Col. Winthai was referring to a panel discussion titled “Access to Justice in Thailand: Currently Unavailable," that was slated to feature representatives from Amnesty International Thailand, the Thai Lawyers for Human Rights, and Cross Cultural Foundation on 2 September.
A few hours before the event, the junta’s National Council For Peace and Order (NCPO) sent a letter to the organisers, "asking for their cooperation" to cancel the talk. Policemen also arrived at the venue of the talk – the Foreign Correspondent Club of Thailand (FCCT) – to make certain the discussion did not take place.
Organisers said the panel was planning to discuss obstacles to justice in post-coup Thailand, such as the NCPO’s decision to try dissidents in military court and arbitrarily detain hundreds of activists, politicians, and academics.
However, Col. Winthai said any complaint about perceived "injustice" under the NCPO should be submitted directly to the junta through regional government agencies.
"Those who are responsible in the relevant issues will urgently resolve the problems in an appropriate manner," Col.
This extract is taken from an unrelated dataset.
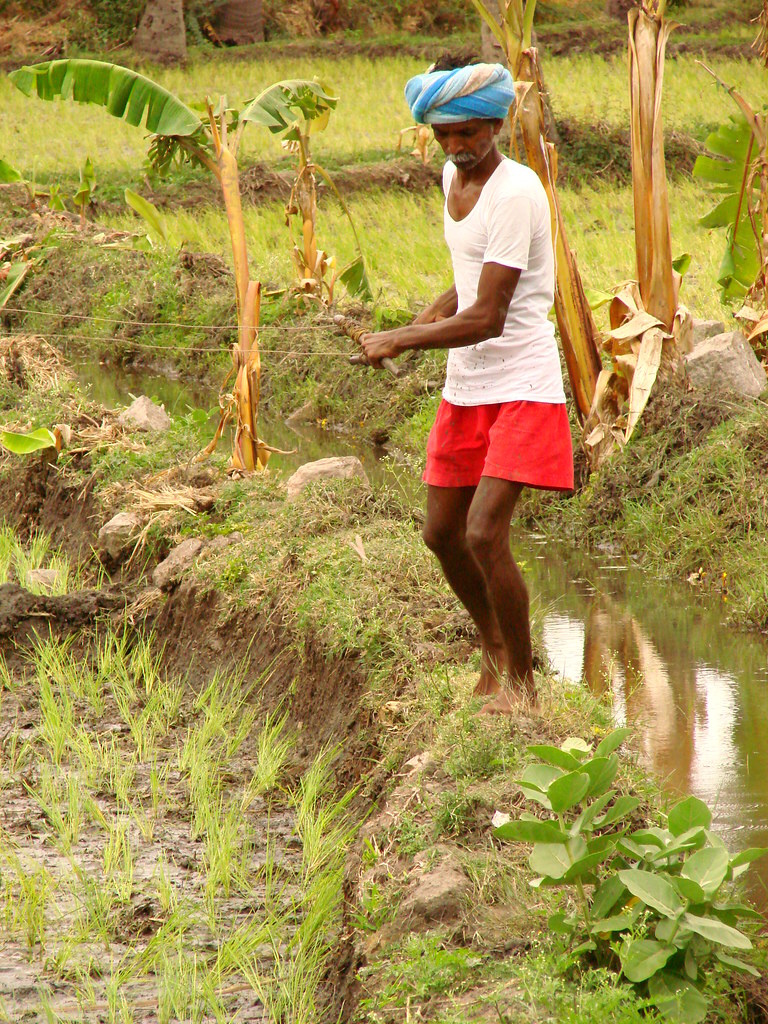 A rice farmer working in a paddy field near Hampi, India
Winthai told reporters. "I believe this effort will adequately meet the need for information … in contrast to the aforementioned activity [the panel discussion]."
The NCPO spokesperson also claimed that the event’s organisers only notified authorities a day before the talk was scheduled to take place, which did not give the NCPO enough time to consider the content and "intention" of the event.
"We were concerned that the activity may involve politics. Relevant officials had to carefully consider it," Col. Winthai said.
Tuesday marked the second time security officers have entered the FCCT, long known as a sanctuary for free debate in Thailand, in the last four months. On 27 May, soldiers stormed the FCCT and detained former Minister of Education Chaturon Chaisaeng as he was speaking to a crowd of foreign journalists about why he did not surrender himself to the NCPO.